The “White Saviour Complex” in Fashion
For years and years, pharm the “white saviour” has been plastered across our screen. We’ve seen it in films like “The Help” when white characters are celebrated for rescuing people of colour from themselves or the damaging environments they live in. Harper Lee’s To Kill A Mockingbird was heavily criticised for the character of Atticus Finch who defended a black man accused of rape but seemed to be doing so for his own personal integrity instead of justice for Tom Robinson. This is just one example of the white saviour complex but because it’s one of the most commonly used narratives in entertainment, a lot of the time we don’t even realise it’s being used.
The white saviour complex has managed to crawl its way into the fashion industry too, with ad campaigns portraying the same stereotypes we see over and over again.

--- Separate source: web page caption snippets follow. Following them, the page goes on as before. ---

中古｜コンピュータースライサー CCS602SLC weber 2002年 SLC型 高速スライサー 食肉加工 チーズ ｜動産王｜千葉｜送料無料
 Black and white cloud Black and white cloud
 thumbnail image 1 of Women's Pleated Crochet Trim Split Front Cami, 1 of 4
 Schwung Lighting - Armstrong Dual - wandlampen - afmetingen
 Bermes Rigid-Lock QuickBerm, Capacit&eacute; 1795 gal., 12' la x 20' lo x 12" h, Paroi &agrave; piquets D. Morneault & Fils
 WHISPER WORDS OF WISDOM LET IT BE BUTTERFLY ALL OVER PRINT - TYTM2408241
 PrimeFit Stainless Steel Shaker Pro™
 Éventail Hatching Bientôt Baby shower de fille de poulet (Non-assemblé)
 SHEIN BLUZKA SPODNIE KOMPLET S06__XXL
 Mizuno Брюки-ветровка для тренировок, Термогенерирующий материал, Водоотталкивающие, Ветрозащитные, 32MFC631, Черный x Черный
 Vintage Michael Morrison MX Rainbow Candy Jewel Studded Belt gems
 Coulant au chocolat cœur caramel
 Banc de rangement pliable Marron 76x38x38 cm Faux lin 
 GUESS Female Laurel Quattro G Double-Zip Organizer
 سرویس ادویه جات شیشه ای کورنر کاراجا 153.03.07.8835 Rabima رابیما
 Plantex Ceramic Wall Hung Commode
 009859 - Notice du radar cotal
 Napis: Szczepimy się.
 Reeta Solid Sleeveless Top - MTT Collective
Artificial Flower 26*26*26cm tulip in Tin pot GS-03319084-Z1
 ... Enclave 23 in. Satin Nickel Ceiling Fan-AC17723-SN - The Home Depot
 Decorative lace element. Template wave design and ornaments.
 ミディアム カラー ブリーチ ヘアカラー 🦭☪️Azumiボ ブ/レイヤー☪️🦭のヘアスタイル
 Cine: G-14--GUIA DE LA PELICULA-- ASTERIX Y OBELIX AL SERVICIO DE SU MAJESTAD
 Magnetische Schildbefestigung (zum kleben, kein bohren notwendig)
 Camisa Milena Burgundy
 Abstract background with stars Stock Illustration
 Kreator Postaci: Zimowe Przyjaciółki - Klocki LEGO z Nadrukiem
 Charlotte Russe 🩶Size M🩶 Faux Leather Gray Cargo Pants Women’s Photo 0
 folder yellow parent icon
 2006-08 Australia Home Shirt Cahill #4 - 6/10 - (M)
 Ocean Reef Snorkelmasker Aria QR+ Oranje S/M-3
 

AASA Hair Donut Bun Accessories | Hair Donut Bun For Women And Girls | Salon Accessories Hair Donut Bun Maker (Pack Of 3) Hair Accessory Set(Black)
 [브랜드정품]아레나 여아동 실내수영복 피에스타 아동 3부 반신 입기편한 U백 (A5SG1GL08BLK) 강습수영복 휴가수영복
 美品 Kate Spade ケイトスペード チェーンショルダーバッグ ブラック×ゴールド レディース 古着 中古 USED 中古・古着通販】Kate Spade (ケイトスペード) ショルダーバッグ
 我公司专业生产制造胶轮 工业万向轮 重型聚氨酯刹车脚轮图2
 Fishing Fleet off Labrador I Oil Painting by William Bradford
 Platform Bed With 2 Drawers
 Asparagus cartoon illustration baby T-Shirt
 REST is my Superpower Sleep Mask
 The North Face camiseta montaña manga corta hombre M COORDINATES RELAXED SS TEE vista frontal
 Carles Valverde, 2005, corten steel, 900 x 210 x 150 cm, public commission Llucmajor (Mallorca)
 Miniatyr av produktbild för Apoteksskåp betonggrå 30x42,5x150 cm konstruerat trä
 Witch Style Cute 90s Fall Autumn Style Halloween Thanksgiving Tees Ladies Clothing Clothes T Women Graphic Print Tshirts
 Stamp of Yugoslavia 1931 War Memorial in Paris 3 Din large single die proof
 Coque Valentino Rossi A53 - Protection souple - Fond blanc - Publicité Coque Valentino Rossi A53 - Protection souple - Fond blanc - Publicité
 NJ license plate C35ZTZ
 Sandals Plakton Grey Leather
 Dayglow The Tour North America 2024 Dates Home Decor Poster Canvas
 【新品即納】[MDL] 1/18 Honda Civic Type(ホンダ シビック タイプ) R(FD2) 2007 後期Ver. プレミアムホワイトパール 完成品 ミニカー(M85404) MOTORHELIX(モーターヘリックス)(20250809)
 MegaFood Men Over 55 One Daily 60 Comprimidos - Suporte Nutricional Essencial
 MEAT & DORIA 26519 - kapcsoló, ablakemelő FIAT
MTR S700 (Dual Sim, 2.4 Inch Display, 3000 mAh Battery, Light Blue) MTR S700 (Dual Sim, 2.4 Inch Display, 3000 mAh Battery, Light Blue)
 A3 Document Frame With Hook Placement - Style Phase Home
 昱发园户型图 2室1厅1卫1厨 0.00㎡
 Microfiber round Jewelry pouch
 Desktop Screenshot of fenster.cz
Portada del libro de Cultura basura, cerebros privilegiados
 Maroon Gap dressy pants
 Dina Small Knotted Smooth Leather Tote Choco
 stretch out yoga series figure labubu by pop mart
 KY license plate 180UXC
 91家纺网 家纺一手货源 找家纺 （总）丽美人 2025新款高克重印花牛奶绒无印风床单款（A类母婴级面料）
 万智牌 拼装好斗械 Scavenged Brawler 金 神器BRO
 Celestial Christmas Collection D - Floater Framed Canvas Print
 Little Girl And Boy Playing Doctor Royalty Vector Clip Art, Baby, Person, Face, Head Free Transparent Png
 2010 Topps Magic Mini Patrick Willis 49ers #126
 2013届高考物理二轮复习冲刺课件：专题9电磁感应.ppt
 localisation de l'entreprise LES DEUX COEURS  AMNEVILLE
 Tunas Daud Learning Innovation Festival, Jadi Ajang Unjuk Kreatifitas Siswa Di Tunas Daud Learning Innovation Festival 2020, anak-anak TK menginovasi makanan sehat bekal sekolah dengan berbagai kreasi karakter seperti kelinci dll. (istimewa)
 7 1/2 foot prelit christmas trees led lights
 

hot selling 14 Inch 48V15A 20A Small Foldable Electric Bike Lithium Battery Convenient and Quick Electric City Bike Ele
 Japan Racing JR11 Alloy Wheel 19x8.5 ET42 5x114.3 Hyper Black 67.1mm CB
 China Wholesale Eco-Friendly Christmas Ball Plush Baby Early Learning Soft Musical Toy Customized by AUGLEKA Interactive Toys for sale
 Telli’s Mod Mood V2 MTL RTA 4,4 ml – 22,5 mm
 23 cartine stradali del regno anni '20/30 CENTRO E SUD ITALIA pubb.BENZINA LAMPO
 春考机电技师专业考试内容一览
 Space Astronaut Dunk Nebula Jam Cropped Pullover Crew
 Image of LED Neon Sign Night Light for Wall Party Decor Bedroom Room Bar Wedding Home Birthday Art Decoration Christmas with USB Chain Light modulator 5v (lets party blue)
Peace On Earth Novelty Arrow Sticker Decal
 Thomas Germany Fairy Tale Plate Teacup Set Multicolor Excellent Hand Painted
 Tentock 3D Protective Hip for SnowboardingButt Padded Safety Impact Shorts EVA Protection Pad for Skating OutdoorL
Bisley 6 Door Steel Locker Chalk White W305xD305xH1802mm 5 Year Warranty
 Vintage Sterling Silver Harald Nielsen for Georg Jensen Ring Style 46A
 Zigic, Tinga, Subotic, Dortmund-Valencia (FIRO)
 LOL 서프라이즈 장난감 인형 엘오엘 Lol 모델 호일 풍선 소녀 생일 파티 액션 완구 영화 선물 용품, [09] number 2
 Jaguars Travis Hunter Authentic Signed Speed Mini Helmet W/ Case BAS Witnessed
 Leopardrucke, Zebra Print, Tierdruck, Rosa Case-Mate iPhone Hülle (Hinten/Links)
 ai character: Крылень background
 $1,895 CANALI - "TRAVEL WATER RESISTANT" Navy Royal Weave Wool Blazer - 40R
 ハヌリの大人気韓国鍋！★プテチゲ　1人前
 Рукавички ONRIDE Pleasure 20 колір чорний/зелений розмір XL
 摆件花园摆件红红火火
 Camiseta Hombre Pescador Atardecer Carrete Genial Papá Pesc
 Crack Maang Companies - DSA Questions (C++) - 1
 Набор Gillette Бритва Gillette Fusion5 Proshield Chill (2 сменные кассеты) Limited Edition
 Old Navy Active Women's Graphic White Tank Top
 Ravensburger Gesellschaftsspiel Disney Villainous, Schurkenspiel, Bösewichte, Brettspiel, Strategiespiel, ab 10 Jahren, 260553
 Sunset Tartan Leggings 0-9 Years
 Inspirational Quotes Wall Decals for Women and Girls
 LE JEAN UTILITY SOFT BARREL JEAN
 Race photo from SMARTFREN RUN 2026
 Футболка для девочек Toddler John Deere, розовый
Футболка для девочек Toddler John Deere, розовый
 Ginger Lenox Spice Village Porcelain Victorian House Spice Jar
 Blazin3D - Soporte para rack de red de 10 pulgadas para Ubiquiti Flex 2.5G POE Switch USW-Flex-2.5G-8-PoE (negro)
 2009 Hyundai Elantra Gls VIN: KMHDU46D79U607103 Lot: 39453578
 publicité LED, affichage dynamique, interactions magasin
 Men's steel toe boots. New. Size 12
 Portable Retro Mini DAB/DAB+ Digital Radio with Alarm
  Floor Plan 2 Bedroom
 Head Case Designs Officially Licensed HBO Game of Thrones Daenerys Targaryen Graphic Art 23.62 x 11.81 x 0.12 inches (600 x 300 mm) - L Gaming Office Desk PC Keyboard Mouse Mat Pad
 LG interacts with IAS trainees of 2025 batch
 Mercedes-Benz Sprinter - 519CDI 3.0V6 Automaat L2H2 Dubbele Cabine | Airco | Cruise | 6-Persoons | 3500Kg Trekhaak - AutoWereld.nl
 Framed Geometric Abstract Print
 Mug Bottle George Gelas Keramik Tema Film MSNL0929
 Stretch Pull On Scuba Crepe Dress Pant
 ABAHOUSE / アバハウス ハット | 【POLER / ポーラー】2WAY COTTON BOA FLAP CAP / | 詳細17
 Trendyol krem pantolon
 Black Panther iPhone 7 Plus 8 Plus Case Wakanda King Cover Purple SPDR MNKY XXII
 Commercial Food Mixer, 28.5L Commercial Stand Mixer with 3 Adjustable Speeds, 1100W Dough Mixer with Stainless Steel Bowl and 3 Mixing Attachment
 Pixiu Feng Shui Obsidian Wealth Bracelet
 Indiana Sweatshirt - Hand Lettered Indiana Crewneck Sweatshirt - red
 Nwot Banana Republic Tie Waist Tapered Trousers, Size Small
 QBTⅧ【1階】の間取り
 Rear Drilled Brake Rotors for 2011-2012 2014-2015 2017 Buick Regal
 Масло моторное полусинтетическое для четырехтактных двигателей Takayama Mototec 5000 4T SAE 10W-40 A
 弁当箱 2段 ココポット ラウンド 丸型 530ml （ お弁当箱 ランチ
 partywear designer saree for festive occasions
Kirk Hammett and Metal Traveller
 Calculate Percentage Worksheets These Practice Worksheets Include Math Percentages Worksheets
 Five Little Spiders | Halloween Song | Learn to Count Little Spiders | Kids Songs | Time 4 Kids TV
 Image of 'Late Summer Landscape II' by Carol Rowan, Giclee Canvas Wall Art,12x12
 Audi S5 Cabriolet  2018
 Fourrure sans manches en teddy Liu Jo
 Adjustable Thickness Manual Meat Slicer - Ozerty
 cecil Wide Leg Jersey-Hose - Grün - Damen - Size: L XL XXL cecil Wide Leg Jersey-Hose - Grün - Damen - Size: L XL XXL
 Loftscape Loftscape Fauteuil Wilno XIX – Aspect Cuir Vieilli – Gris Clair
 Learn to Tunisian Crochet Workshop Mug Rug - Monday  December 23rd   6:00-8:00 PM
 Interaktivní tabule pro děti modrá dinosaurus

Donna Karan came under fire for her SS12 campaign which featured two Haitian boys in the the background with Adriana Lima in the forefront wearing the glamorous clothes from the collection. Although Karan is known for her charity work and assistance of poverty stricken countries, this campaign seemed to be mistakenly insensitive; to photograph a beautiful tall woman with light skin and blue eyes at the foreground with Haitians, who had clearly suffered, seemed to be an act of carelessness. It’s almost as if these locals were merely used as props for Karan to remind her audience of her good work and shine a light on herself as a ‘saviour’ instead of those who were actually badly affected.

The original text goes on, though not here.